There was a photographer, a visit from City Councilmember Rosie Mendez and officials from the city Department for the Aging and a big cake to help her celebrate her 100th birthday.
“It was a beautiful party,” Worchell said later. “I wasn’t expecting it.”
Born in Minsk, Byelorussia, in 1906, a Holocaust survivor whose first husband and child were killed along with the rest of her family in the Minsk ghetto, Worchell remembers the past but lives very much in the present.
“I feel like I’m 18,” she quipped. “I need to feel like I’m 18. I come here whenever I feel good.”
A resident of the Baruch Houses, Worchell comes to the Lillian Wald center’s lunch program run by the United Jewish Council of the Lower East Side for a midday meal, a mild exercise session and a few laughs.
“I like people and the people here are good. I come for the exercise and I like to laugh. You need to laugh and joke even if your life is hard,” she said.
And life was hard for her; her family lost, she joined the partisan resistance.
“They ran after us in the forest,” she recalled.
At the end of World War II, Worchell got married again to a man who also had lost his family. But she decided to come to the U.S. in 1947 without him but with their 20-month old son.
“We suffered here too; they didn’t have places to give you like they do now,” she said, adding, “You didn’t have a red carpet.” Worchell became a U.S. citizen in 1954 and remarried, but her third husband, who came from Poland, died in 1988.

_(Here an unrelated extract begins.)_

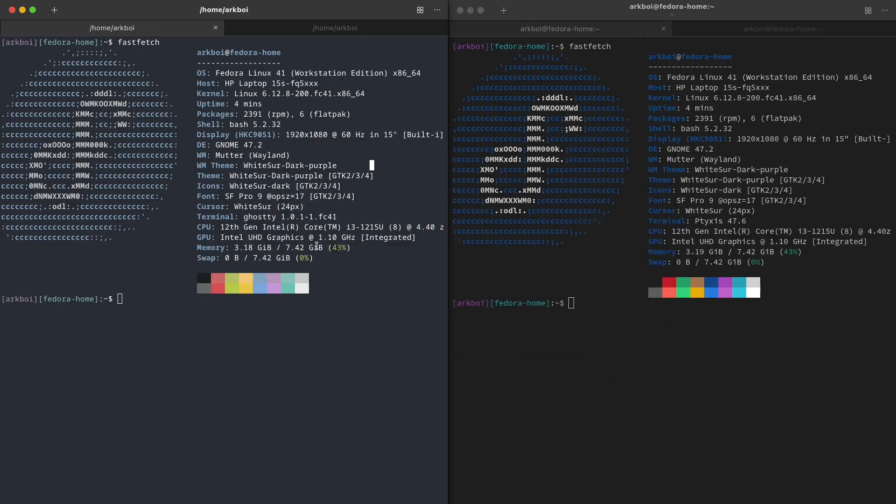So my review of this is a 4.5 out of 5. It's not good, not bad. It's just a standard terminal. So thanks for watching, and that's it.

Worchell is proud of her son, David, a retired high school science teacher, who lives in one of the Grand St. co-ops.
“When he was a little boy, they asked him what he wanted to be, and he said a doctor because he loved science. He takes care of me but he has a life too,” she remarked.

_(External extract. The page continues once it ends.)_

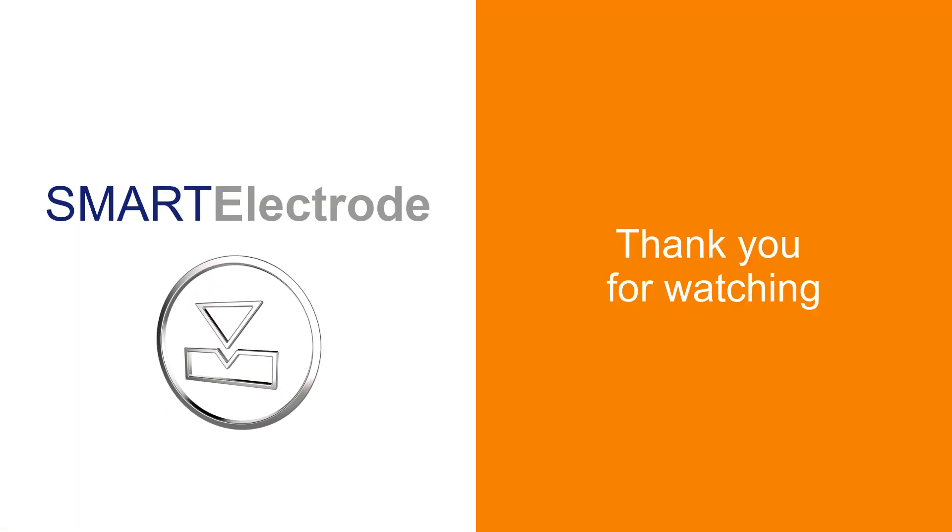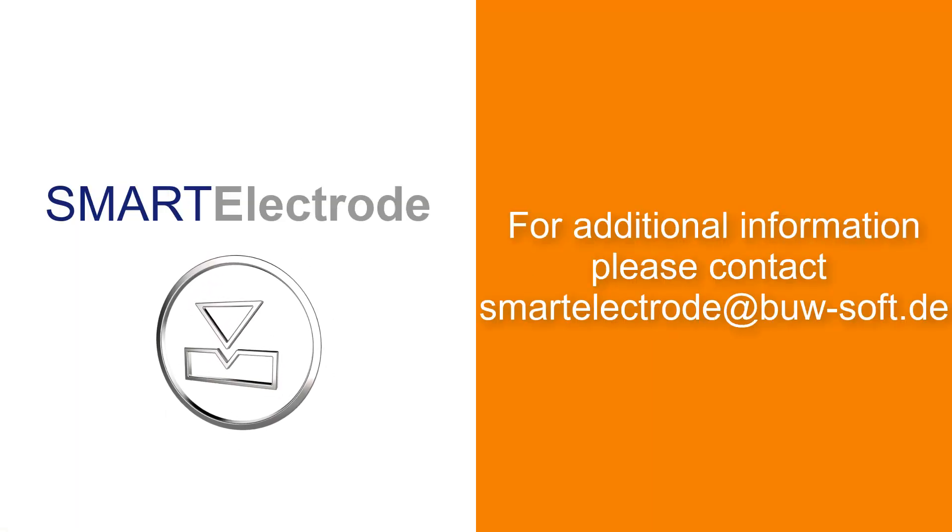Thank you for watching. For additional information please contact us directly. If you liked this video, subscribe to our channel here. We present you periodically the latest features of our software products.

Cecylia Szczesiak, a home attendant who is with Worchell four days a week two others cover the other three days, has been with her for more than a year.
“You can speak with her about anything she likes to joke and she reads a lot newspapers and books. She watches news and ‘Wheel of Fortune’ on television,” Szczesiak said.
“My eyes are not good, but I read,” Worchell confirmed. She is deeply affected by the strife in the world. “We are here to love people not to fight and kill people, that was Hitler’s way,” she said.
“My father was a tailor,” she recalled. “He was a Lubavitcher Hasid. He took us all to Denmark Copenhagen before the war. We lived there five years, but he brought us back to Russia because he didn’t want his children to be assimilated. The Danish people were very good people. Maybe he shouldn’t have gone back. But there is no red carpet for anybody.”
Angie Salgado, director of the Lillian Wald center, met Worchell in 1993.
“Her best friend here was Esperanza Marrero. She was 111 when she died two years ago,” Salgado recalled. “Luba loves to joke, and until a year ago she made things in the craft program here. She makes us all laugh and we love her,” said Salgado.